An Introduction to rgm

This vignette is designed to guide users through the process of simulating data and then running an experiment with the RGM package. We’ll start by demonstrating how to simulate data, which is a crucial preliminary step. Following this, we’ll showcase how to run the estimation process on the simulated data. The focus will be on interpreting various plots generated from the experiment, providing insights into the performance and accuracy of the RGM package.

Simulating Data

The first step in our analysis is to simulate data, which forms the basis for our subsequent experiment.

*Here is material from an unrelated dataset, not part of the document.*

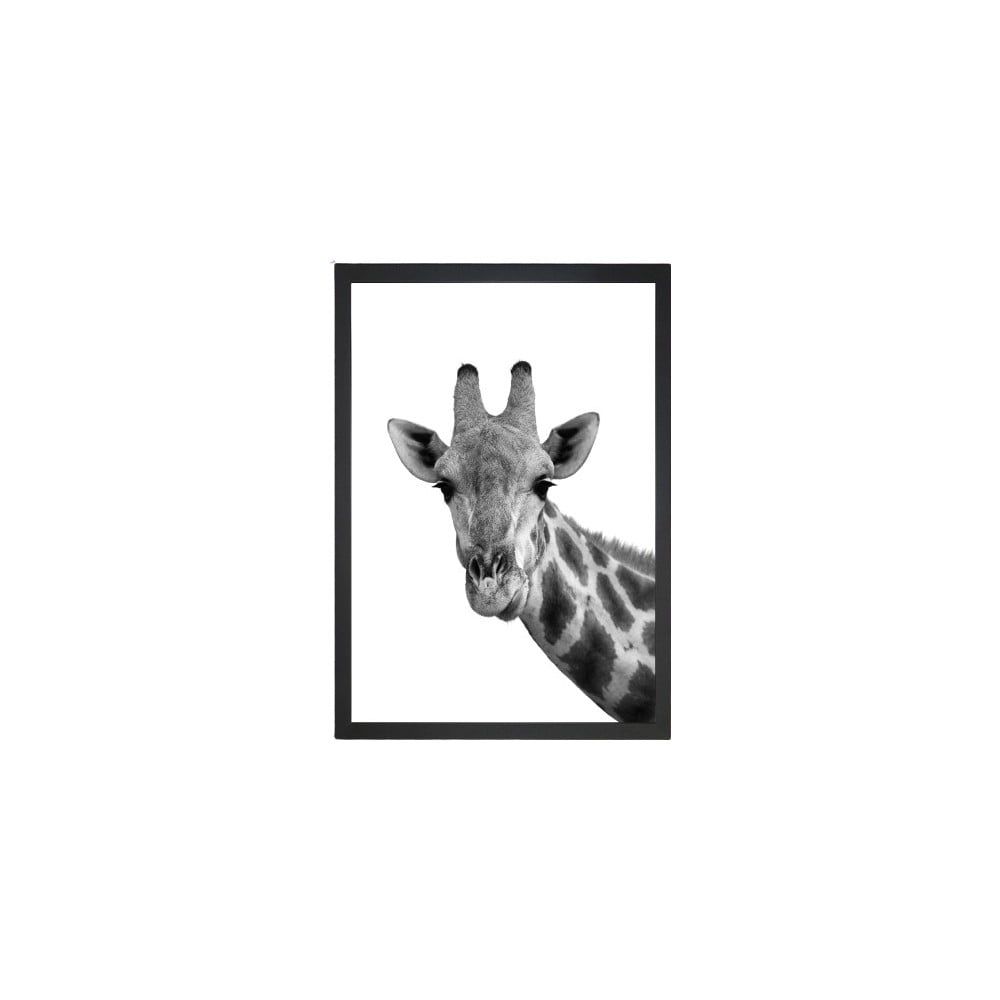 Obraz Tablo Center Giraffe Portrait, 24 × 29 cm - Bonami.sk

The RGM package offers functionalities for simulating complex network data, which we will utilize here.

The initial step involves simulating network data using the RGM package. This process sets the stage for our experiment by generating data that mimics real-world complex network structures.

Consider \(B=13\) distinct body sites, each representing a different environment, and \(p=87\) microbes identified as Operational Taxonomic Units (OTUs). For each environment \(k\), where \(k=1,\ldots,B\), let \(\mathbf{Y}^{(k)} = (Y^{(k)}_1, \ldots, Y^{(k)}_p)\) denote the \(p\)-dimensional random vector of OTU abundances. The relationship among these OTUs within each environment is modeled using a graphical model (GM): \[\begin{equation} \mathbf{Y}^{(k)} | G^{(k)} \sim \mathcal{L}_{G^{(k)}}(\boldsymbol{\Omega}^{(k)}), \end{equation}\] where \(G^{(k)}\) represents the conditional independence graph for environment \(k\), and \(\boldsymbol{\Omega}^{(k)}\) denotes the associated parameters.

Moreover, the collection of graphs \(G = \{G^{(k)}\}_k\) across all environments is assumed to follow a random graph model, characterized as: \[\begin{equation} G^{(k)} \sim P(\boldsymbol{\Theta}), \quad k=1,\ldots,B, \end{equation}\] with \(\boldsymbol{\Theta}\) representing the parameter vector for this joint distribution.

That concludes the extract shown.